All pubs, clubs and restaurants will have to comply with the legislation from the summer of 2007.

Health campaigners have welcomed the landmark vote, which was passed with a majority of 200 MPs.

After months of wrangling, Labour MPs were given a free vote, allowing them to reject alternative versions of the bill that would have permitted private members clubs and venues which did not serve food to allow smoking.

Cancer Research UK described the new law as the “most important advance in public health” in the 50 years since smoking was identified as causing cancer.

“Today’s vote will protect thousands of workers and save many lives,” said professor Alex Markham, chief executive of Cancer Research UK.

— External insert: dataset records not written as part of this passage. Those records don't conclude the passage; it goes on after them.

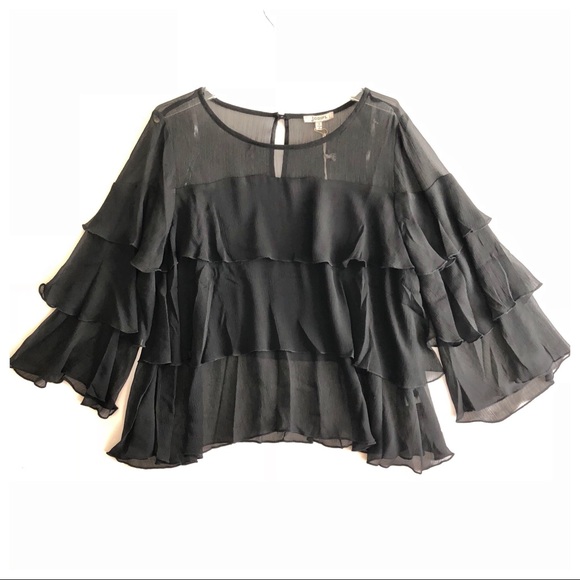 Sheer Multi Tiered Ruffle Angel Sleeve Blouse - Picture 3 of 8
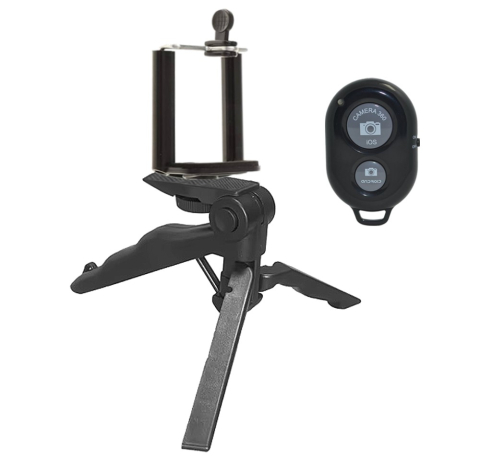 ECHIPAMENTE FOTO - Trepied de mana multifunctional pentru telefon cu telecomanda Bluetooth, suport smartphone reglabil 5.5–8.5 cm, montura 1/4 inch, design tip pistol pentru vlogging si streaming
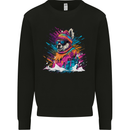 A Cute Lama in the Snow Kids Sweatshirt Jumper Black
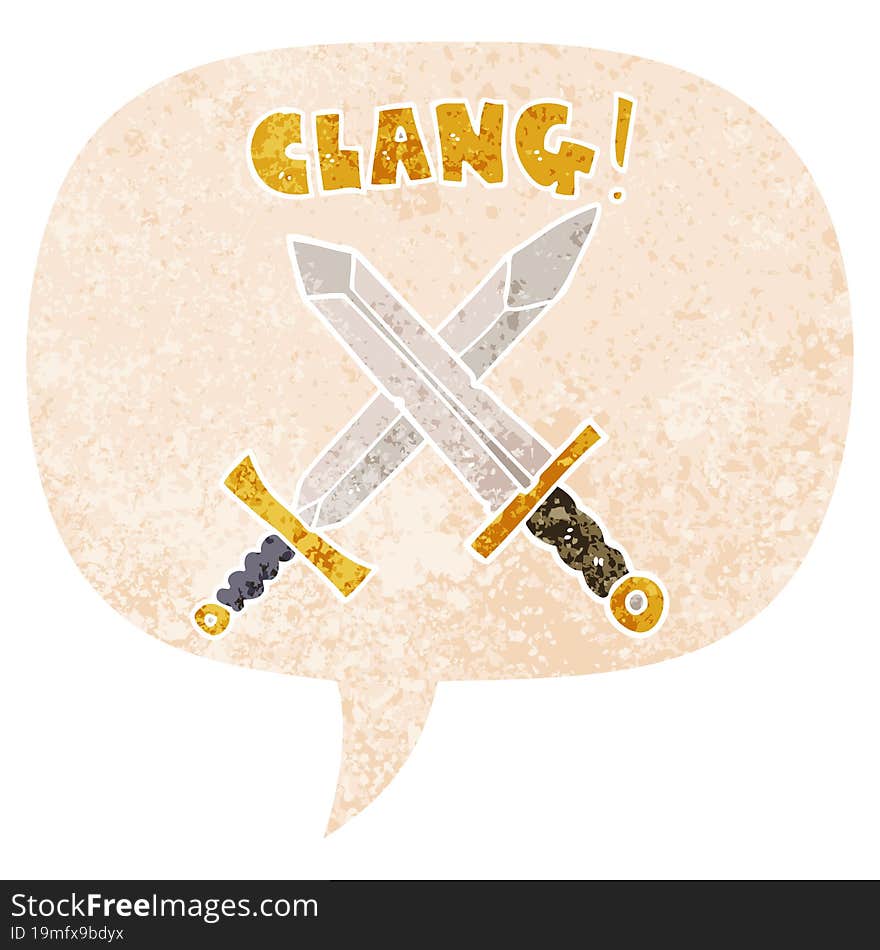 cartoon sword fight and speech bubble in retro textured style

“We’re delighted that the smokefree law will give all workers, including those in pubs and private members’ clubs, equal protection from the life-threatening effects of secondhand smoke.

“The Republic of Ireland has shown that smokefree legislation works best when it contains as few exemptions as possible,” he added.

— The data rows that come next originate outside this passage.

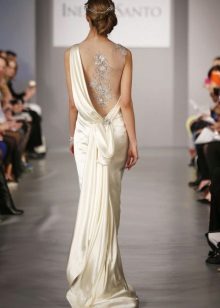 Vestido de novia griego drapeado sin espalda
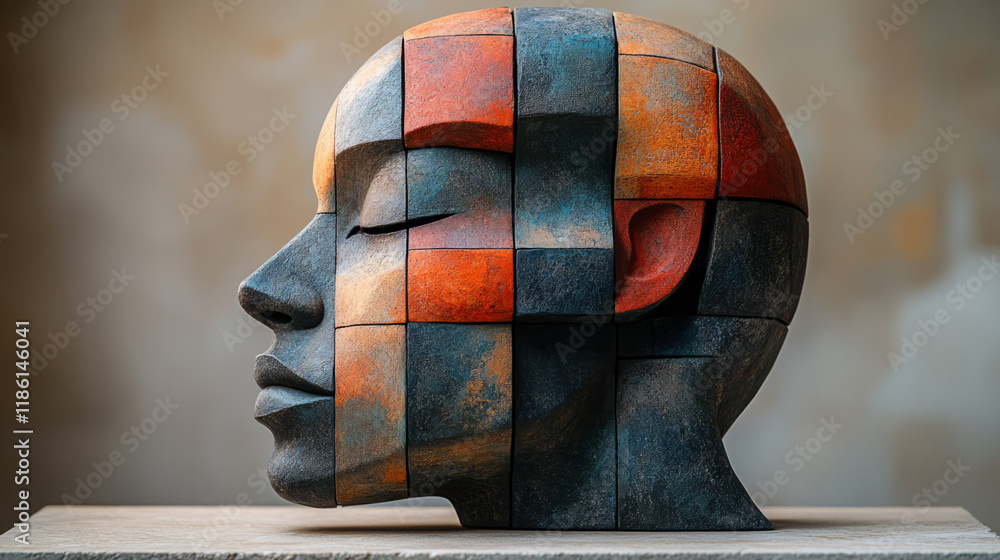 Poster cubist-inspired head sculpture built from multicolored blocks and protruding arches, set on a subdue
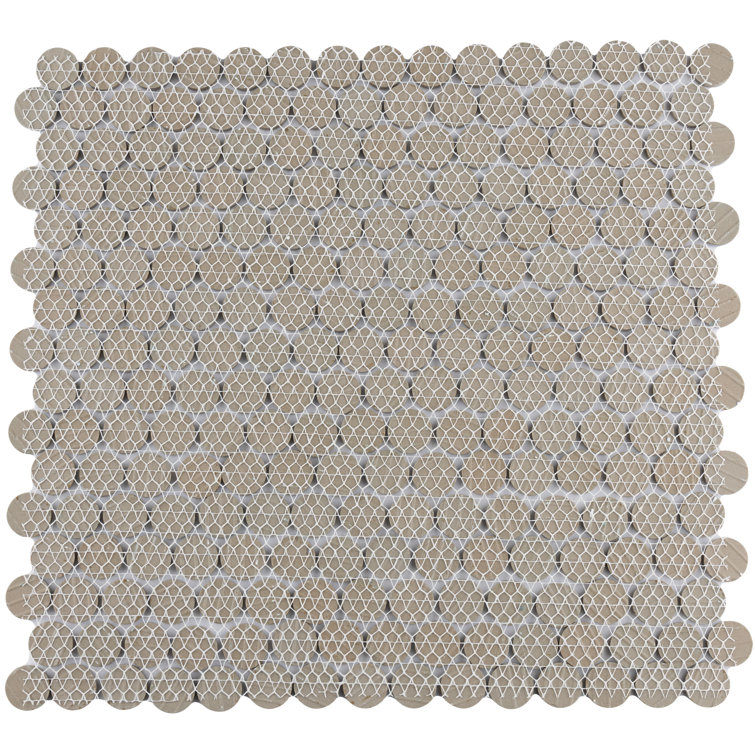 Hudson Penny Round White Glossy Porcelain Mosaic Tile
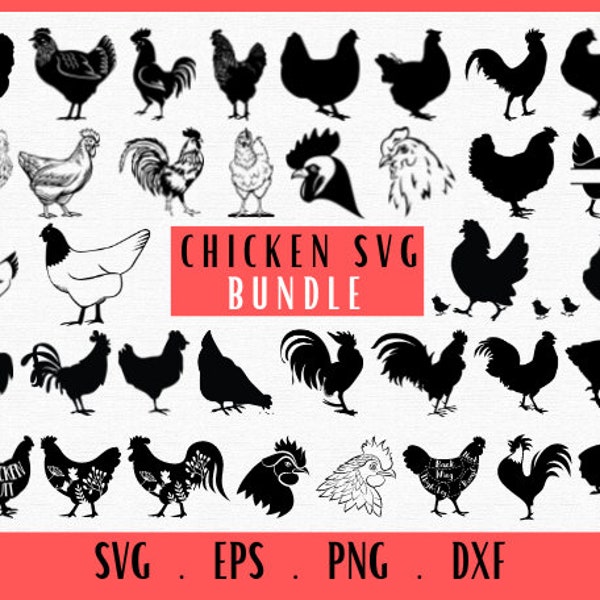Chicken Svg Bundle, Chicken Png, Chicken Clipart, Silhouette, Farm Animal Svg, Crazy Chicken Svg, Rooster Svg, Flower Chicken Svg, Hen Svg,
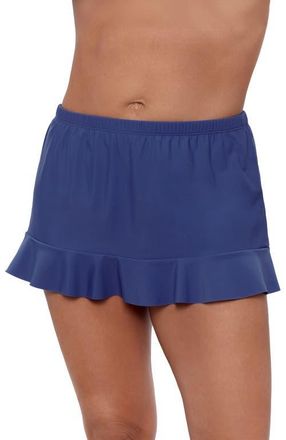 Aqua Green High Waist Slimming Ruffle Skirt Swimsuit Bottom in Cerulean at Nordstrom, Size X-Large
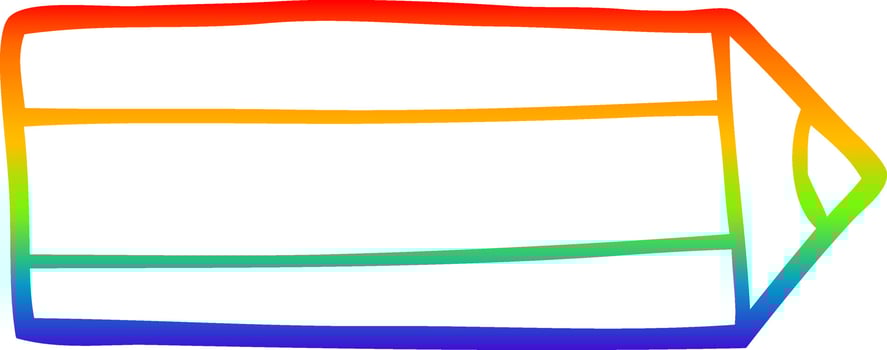 rainbow gradient line drawing cartoon colored pencil vector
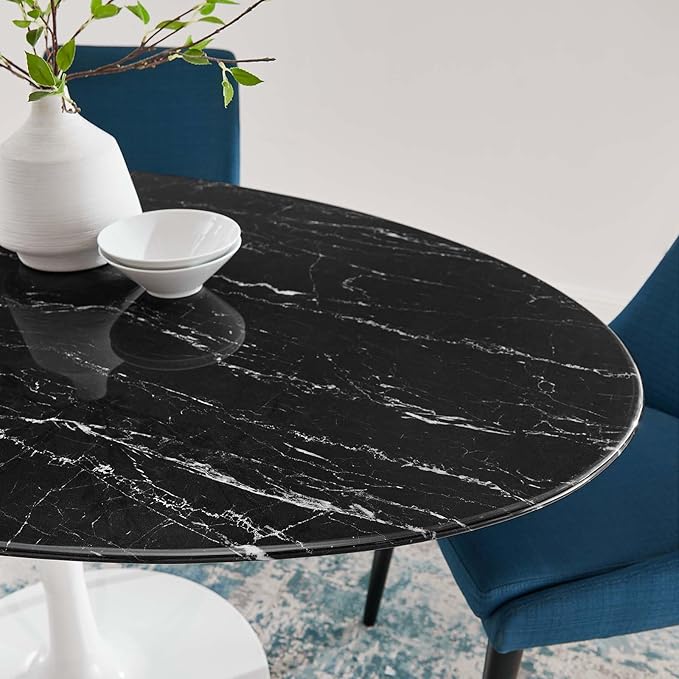 Modway Lippa Oval 60" Artificial Marble Mid-Century Modern Dining Table in White Black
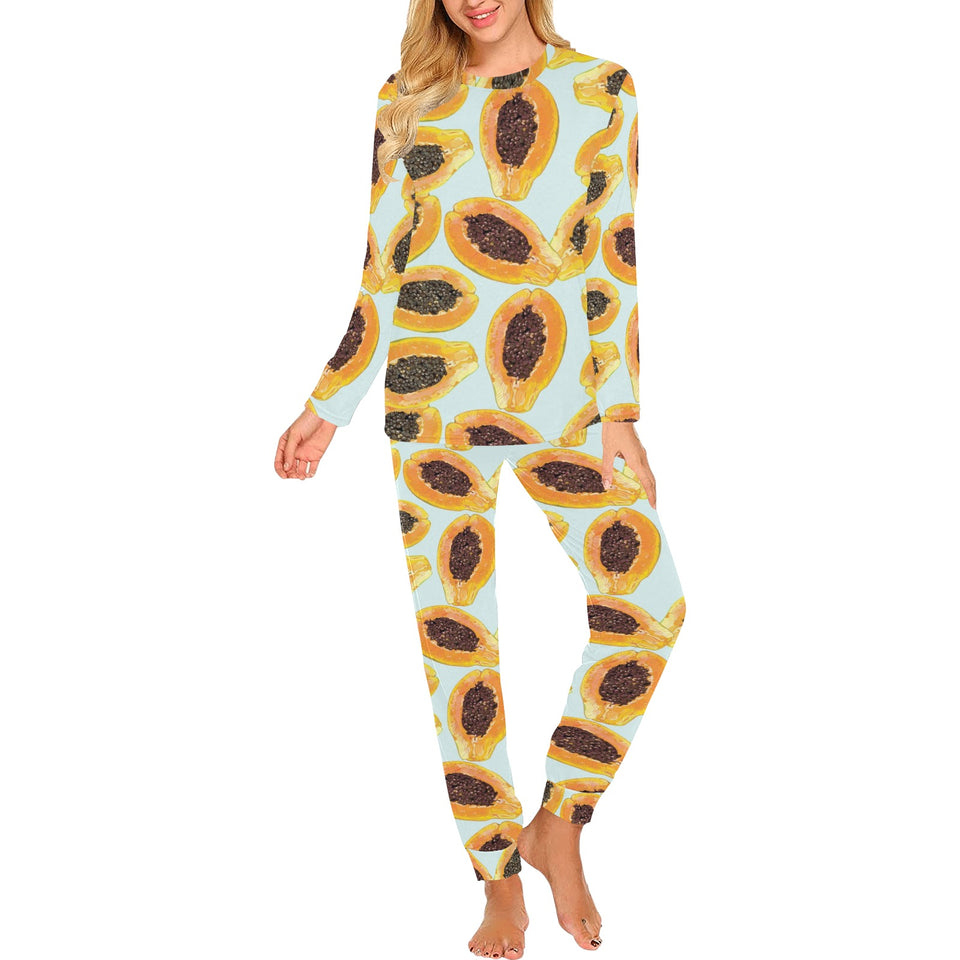 Watercolor papaya pattern Women's All Over Print Pajama Set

The British Heart Foundation described the decision as “the best possible Valentine’s gift from MPs to bar workers”.

Speaking to the BBC, public health minister Caroline Flint said: “We have this huge opportunity and we have got to make it work – to encourage more people to give up smoking, but also to create a different culture.”

Both Scotland and Northern Ireland have already agreed comprehensive smokefree legislation, and Wales will soon vote on whether to opt in to the legislation.

Welsh assembly members have already twice approved the law on principle.

The Tobacco Manufacturers Association expressed its “disappointment” on the ruling, and Allen Bowes, executive chairman of the Swallow Group, which operates 150 hotels and 700 pubs in the UK, has vowed to bring a legal challenge against the bill.